Princeton faculty members Brooke Holmes, the Robert F. Goheen Professor in the Humanities and professor of classics; Martin Kern, the Greg ('84) and Joanna (P13) Zeluck Professor in Asian Studies and professor of East Asian studies; Ekaterina Pravilova, professor of history; and Monica Youn, a lecturer in creative writing and the Lewis Center for the Arts, have received 2018 Guggenheim Fellowships.
They are among 173 fellowships from a group of almost 3,000 applicants — a diverse group of scholars, artists and scientists — appointed on the basis of prior achievement and exceptional promise.
Brooke Holmes
Holmes joined Princeton in 2007. Her research explores the Greco-Roman roots of Western ideas about the physical body, the natural world, matter and the non-human. Her areas of specialization encompass ancient medicine and life science, Greek literature — especially Homer and tragedy — ancient philosophy, reception studies, literary theory and continental philosophy. She has published in numerous journals and is the author of “Gender: Antiquity and Its Legacy” (2012) and “The Symptom and the Subject: The Emergence of the Physical Body in Ancient Greece” (2010).
At Princeton, she is director of the Interdisciplinary Doctoral Program in the Humanities and is an affiliated faculty member with several departments in the humanities. She earned her bachelor's degree in comparative literature from Columbia University and is a 2005 graduate alumna of Princeton in comparative literature.
Martin Kern
Kern, who joined Princeton in 2000 and is chair of the East Asian studies department, was awarded the Guggenheim for his project "Performance, Memory and Authorship in Ancient China: The Formation of the Poetic Tradition." He studies the textual culture of Chinese antiquity during the first millennium BCE. He received his Dr. Phil. in Sinology, German literature and art history from Cologne University.
His publications address a range of topics, including the history of Chinese literature; the performance of poetry in political and religious ritual; historical configurations of authorship; the intersection of writing and orality; methodological questions in the philological study of ancient Chinese manuscripts; early Chinese literary thought; style and rhetoric in philosophy and historiography; poetry as the arena of cultural memory; ancient Chinese political philosophy; and the history and current issues of Sinology as a global field. Kern is engaged in multiple collaborative projects including, most recently, his co-edited volumes "Ideology of Power and Power of Ideology in Early China" (2015), "Origins of Chinese Political Philosophy" (2017) and "Confucius and the Analects Revisited" (forthcoming 2018).
Ekaterina Pravilova
Pravilova, who joined Princeton in 2006 and specializes in 19th-century Imperial Russia, was awarded the Guggenheim for her project "Political Money: A History of the Russian Ruble, 1768-1917." She received her Ph.D. from the Russian Academy of Sciences.

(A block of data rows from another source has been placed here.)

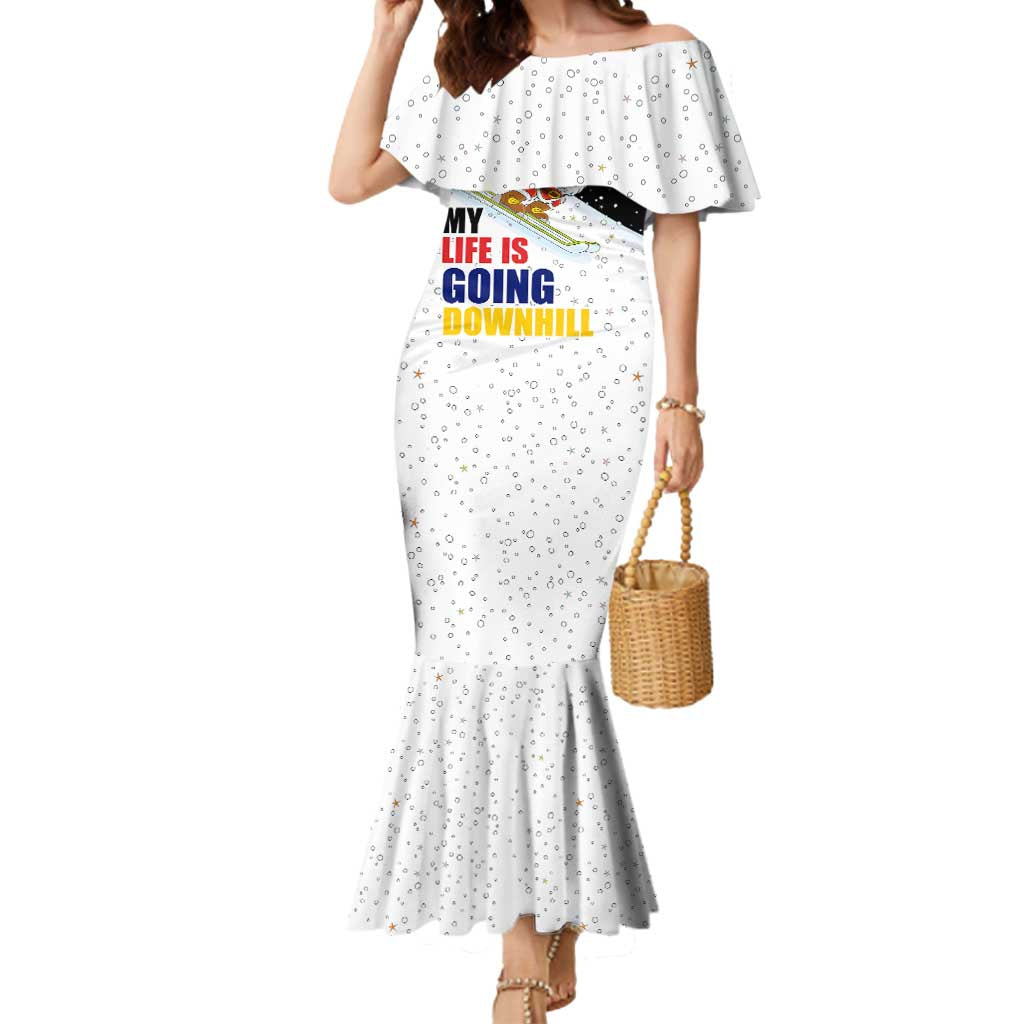 Santa Claus Ski My Life Is Going Downhill Christmas Mermaid Dress Xmas Holiday Patterns - Wonder Print Shop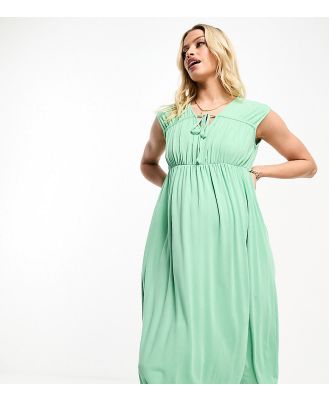 Mamalicious Maternity gathered bodice sleeveless maxi dress in green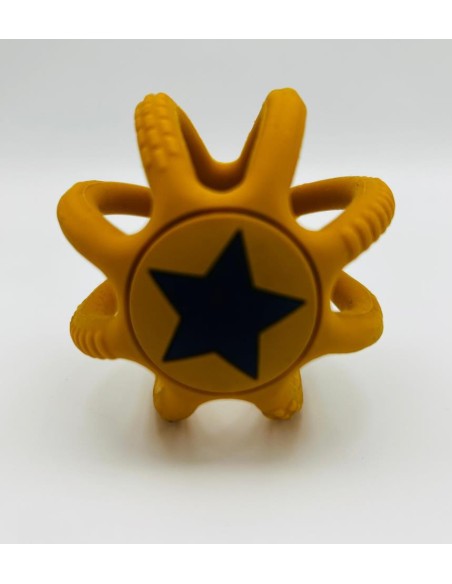 PELOTA MORDEDOR SILICONA MOSTAZA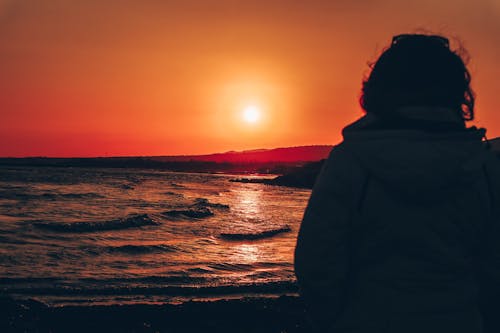 Silhouette of Person Standing on Shore during Sunset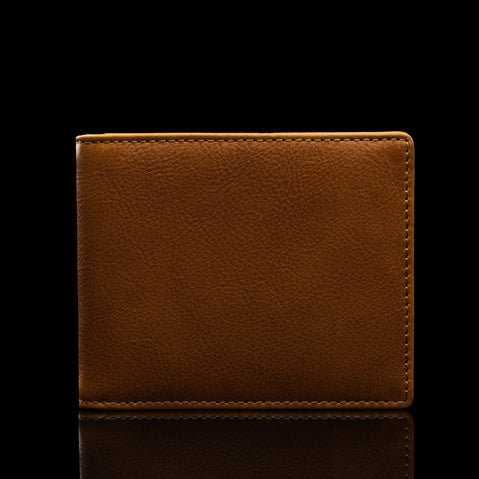 von baer leather money clip small wallet tan front view with rfid protection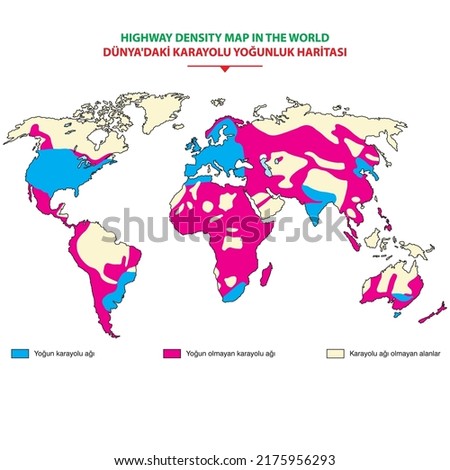 Highway density map of the world. Vector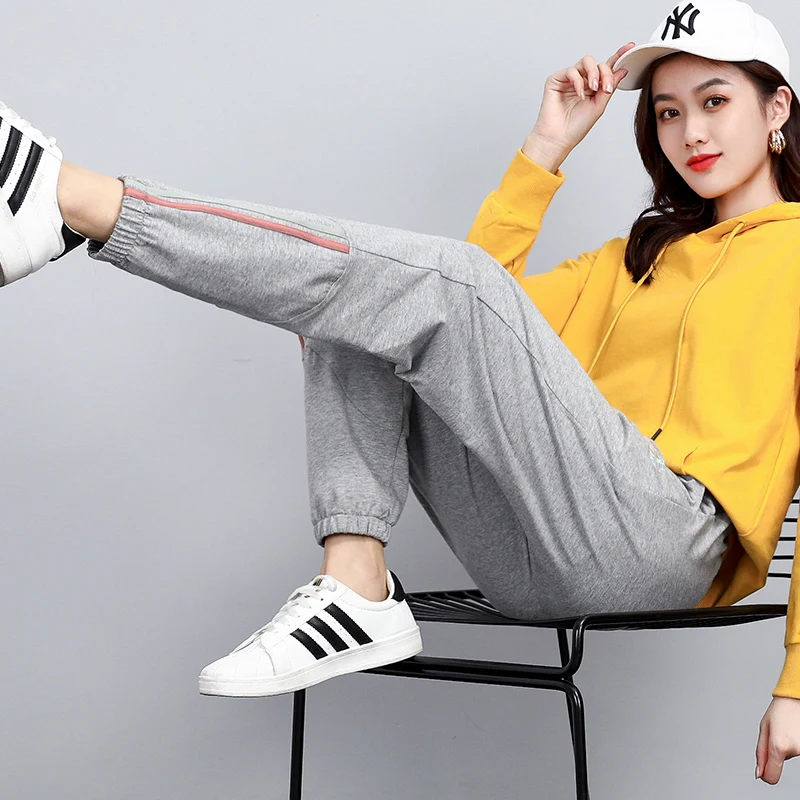 Student Sports Pants Girl 2021 New Spring Autumn Show Thin And Large, All Kinds Of Loose Legged Casual Trousers Women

She is the author of "A Public Empire. Property and the Quest for the Common Good in Imperial Russia" (2014); "Finansy Imperii: Dengi i vlast’ v politike Rossii na natsionalnykh okrainakh [Finances of Empire: Money and Power in Russian policy in the imperial borderlands]" (2006); and "Zakonnost’ i prava lichnosti: administrativnaia iustitsija v Rossii, vtoraia polovina 19 veka — Oktiabr’ 1917 [Legality and Individual Rights: Administrative Justice in Russia, second half of the 19th century — October 1917]" (2000).
Monica Youn
Youn is the author of three books of poetry, most recently "Blackacre" (2016), which won the William Carlos Williams Award of the Poetry Society of America. Her 2010 book, “Ignatz,” was a finalist for the National Book Award. Youn’s poems have been widely published, including in Poetry, The New Yorker, The New Republic, Lana Turner, The Paris Review and The Best American Poetry. At Princeton, she chairs the Lewis Center Committee on Race and the Arts.
A 1993 Princeton alumna, she earned her bachelor's degree in the Woodrow Wilson School of Public and International Affairs, a J.D. from Yale Law School and an M.Phil. from the University of Oxford, where she was a Rhodes Scholar.